Raw data:
++++++++++
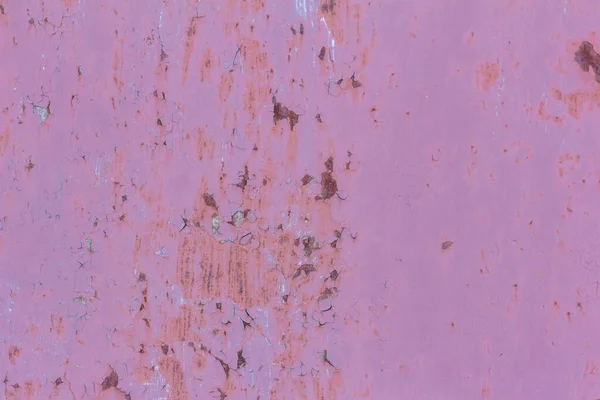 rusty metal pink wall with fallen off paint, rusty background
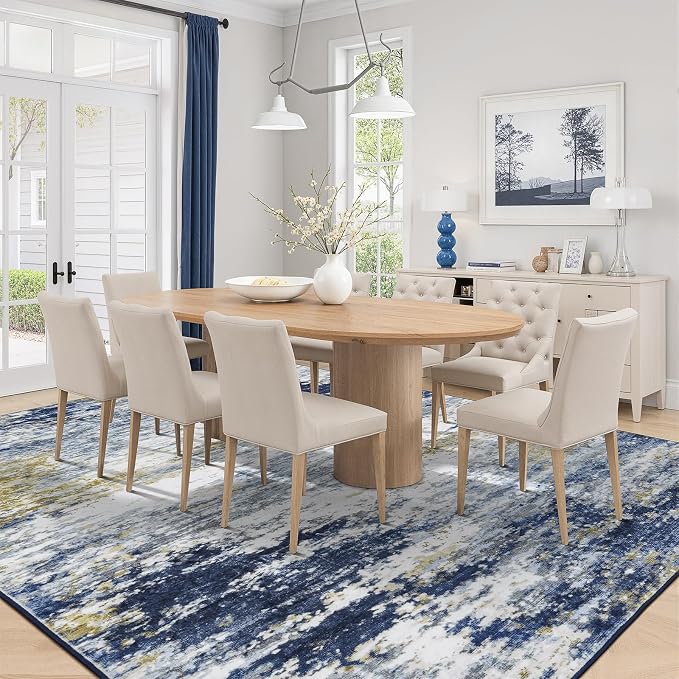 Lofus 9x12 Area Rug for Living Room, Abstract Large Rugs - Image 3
++++++++++
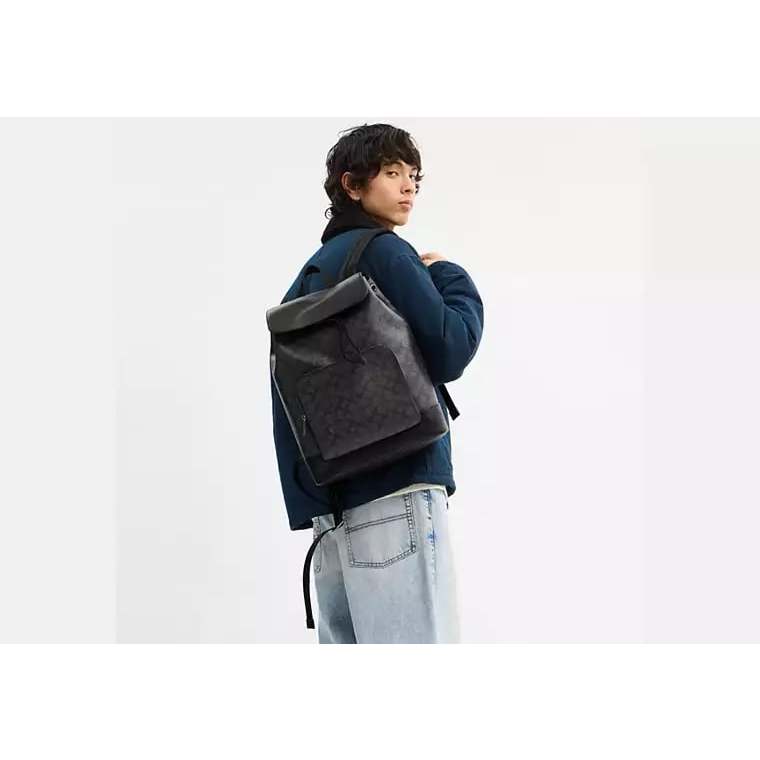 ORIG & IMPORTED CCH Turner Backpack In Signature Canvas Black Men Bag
++++++++++
Description of the task: Each line above starting at the one holding "rusty metal pink" and ending at the one holding "Lofus 9x12 Area" should be set down exactly as it stands, both ends included, with no pictures.

Response box:
 rusty metal pink wall with fallen off paint, rusty background
 Lofus 9x12 Area Rug for Living Room, Abstract Large Rugs - Image 3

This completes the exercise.